# Moving Heavy Objects, Any Tips ??



## LoneStar (May 18, 2012)

I had my eye out for a deal on a big air compressor. Found one today at an estate sale. Champion 80 gallon Two Stage 5HP for $350. Its a $2,000 unit!
Well heres the problem. The thing is something like 600 lbs. I think 550 lbs of that is on top... No problem rolling it to my trailer, me and 2 guys tilt it down, not too much hassle. Trailer it home, slide it halfway off the trailer... so far so good.. Tilt it down, base touching the ground, no problems..... get on the trailer and try to lift it upright.... now I have a problem.... I'm not just giving it all I got, but I'm 3/4ths there and this thing hasnt budged an inch....
I spend an hour trying this and that, finally decide I better give up before I rupture a disk.
My steal of a deal is still sitting on the trailer... Any ideas on getting it to an upright position ? I dont have heavy equipment, its gonna be a sore back and southern engineering.


----------



## Mike1950 (May 18, 2012)

Probably a furniture dolly from a rental and 3 friends.

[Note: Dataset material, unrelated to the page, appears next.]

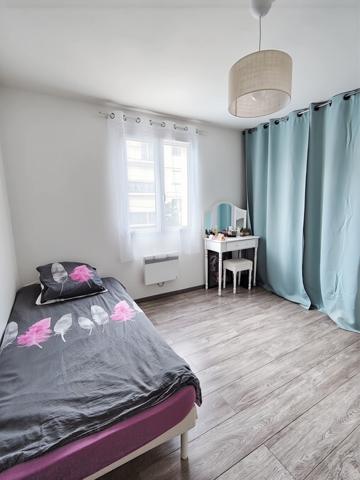 Maison 6 pièces - 124 m²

Stand it up in its final destination with a come-a-long and the rafters after you support the rafters.


----------



## Kevin (May 18, 2012)

Dolly and chain hoist sound good, but worse case scenario remove the motor and the pump. They are both manageable once removed. Re-install once the tank is secured to the foundation. This isn't the preferred method but it'll definitely work if you cannot secure a hoist, or a couple of high school offensive lineman. 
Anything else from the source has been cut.